Abdelkader Haroune a le profil type de quelqu'un qui aurait pu déraper, comme beaucoup de jeunes de banlieue, et qui s'est raccroché à la police pour se construire. Il a créé les Chemins de la réussite, association qui aide les enfants et les jeunes qui se sentent discriminés dans le cadre de leurs études pour les aider à évoluer et à accéder aux concours. Dernièrement, lors d'un colloque que nous avons organisé ensemble à la mairie de Tourcoing, des jeunes entrés dans la police - beaucoup d'origine maghrébine, issus de quartiers ou de classes sociales défavorisés... - ont témoigné de leur fierté d'avoir intégré la police et de leur confiance en celle-ci. Leurs témoignages laissaient penser que la gendarmerie, la magistrature et surtout la police pouvaient vraiment jouer le rôle d'ascenseur social. Tous avaient dû franchir de nombreuses étapes avant d'arriver à leur poste, et rencontré de grandes difficultés pour trouver des stages. Avec Abdelkader Haroune, nous avons créé un tutorat pour épauler les jeunes désirant entrer dans la police.

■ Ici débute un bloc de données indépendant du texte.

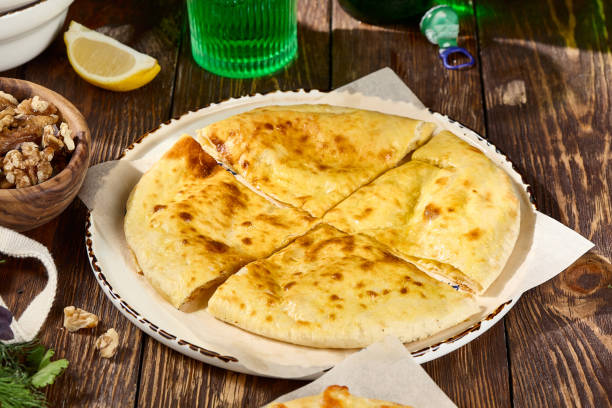 istock Traditional Ossetian Cheese Pie on Rustic Wooden Table with Garnishes 2166054191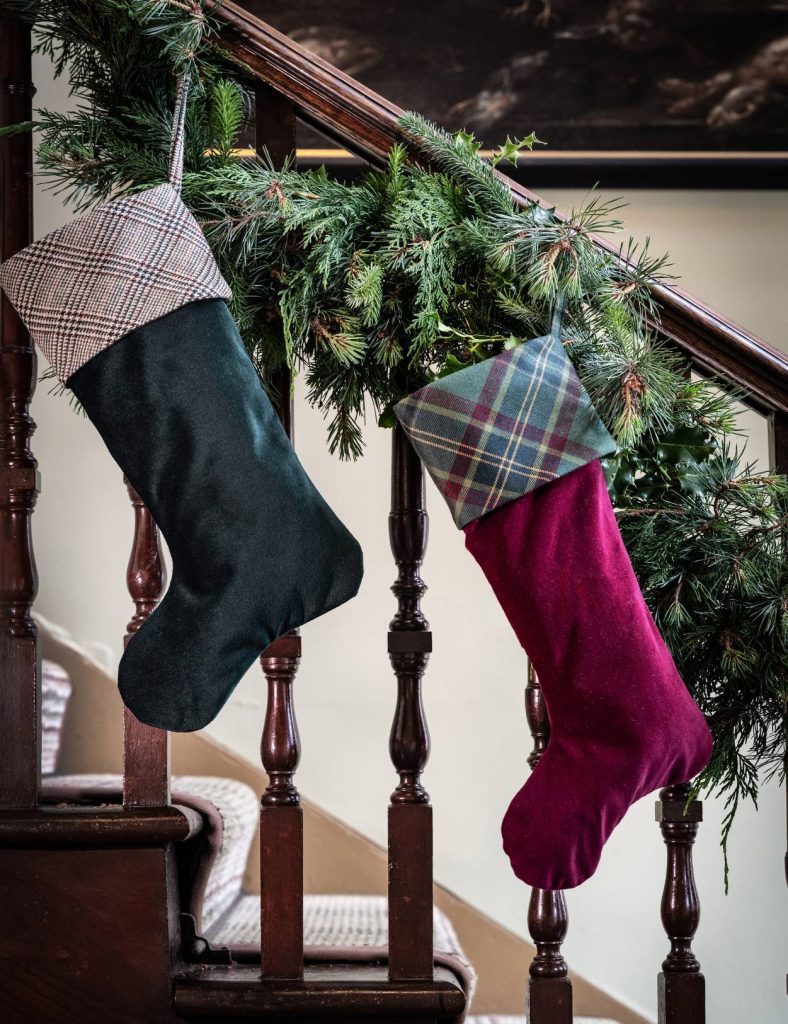 A green and red Christmas stocking hanging on a bannister.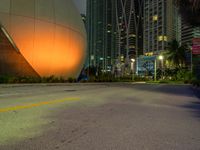 there is an image of a giant sphere on the side of the street with a lot of tall buildings behind it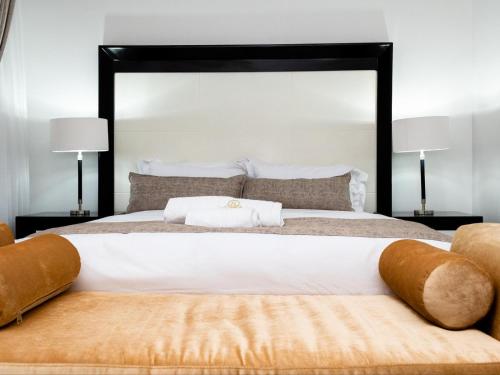 a bedroom with a large bed with a large headboard at Royal Lodge in Sibasa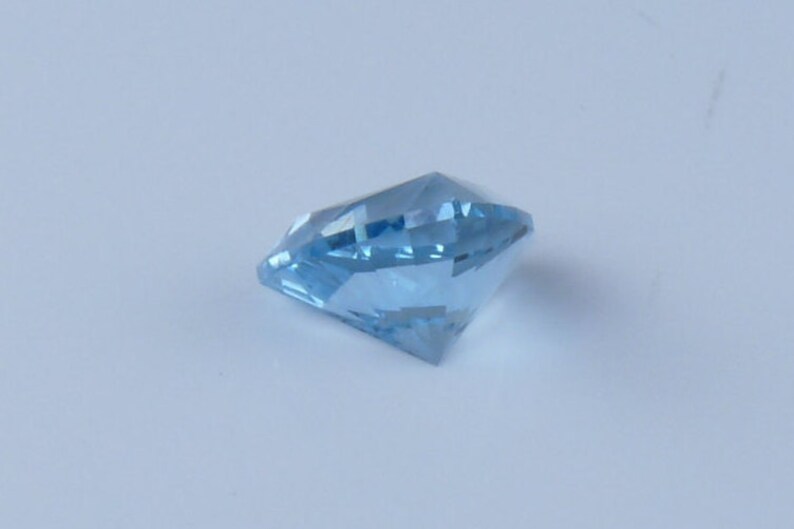 May include: A light blue gemstone with a faceted cut. The gemstone is on a white background.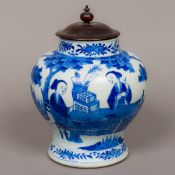 An 18th/19th century Chinese blue and white porcelain lidded vase Of squat baluster form,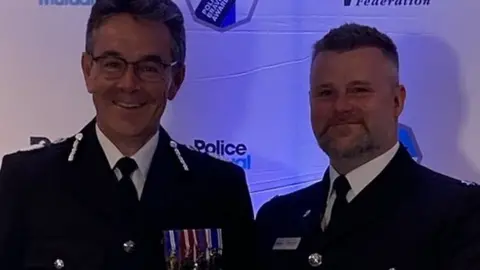 Lincolnshire Police Image of two police officers at awards ceremony
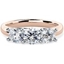 Picture of An elegant Round Brilliant Cut three stone diamond ring in 18ct rose & white gold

Les policiers issus des quartiers risquent de subir des discriminations, leurs anciens copains de virées les prenant pour cibles. Souvent, cela ne va pas beaucoup plus loin que des attaques verbales : on les traite de « vendus ». L'école de police de Roubaix en a pris acte et veille à les soutenir face à de telles réactions.
Il me semble que l'on voit moins de réactions de ce type dans la gendarmerie. Pouvez-vous me le confirmer ? Les jeunes qui arrivent en caserne paraissent plus encadrés dès le départ. Il semble en aller de même dans la magistrature.
Vous appelez, monsieur Vigouroux, à un élargissement du champ des jurys de concours. J'ajouterai, s'agissant des concours, qu'il faut éviter certaines matières, comme la culture générale, que ces jeunes n'ont pu acquérir du fait de leurs origines.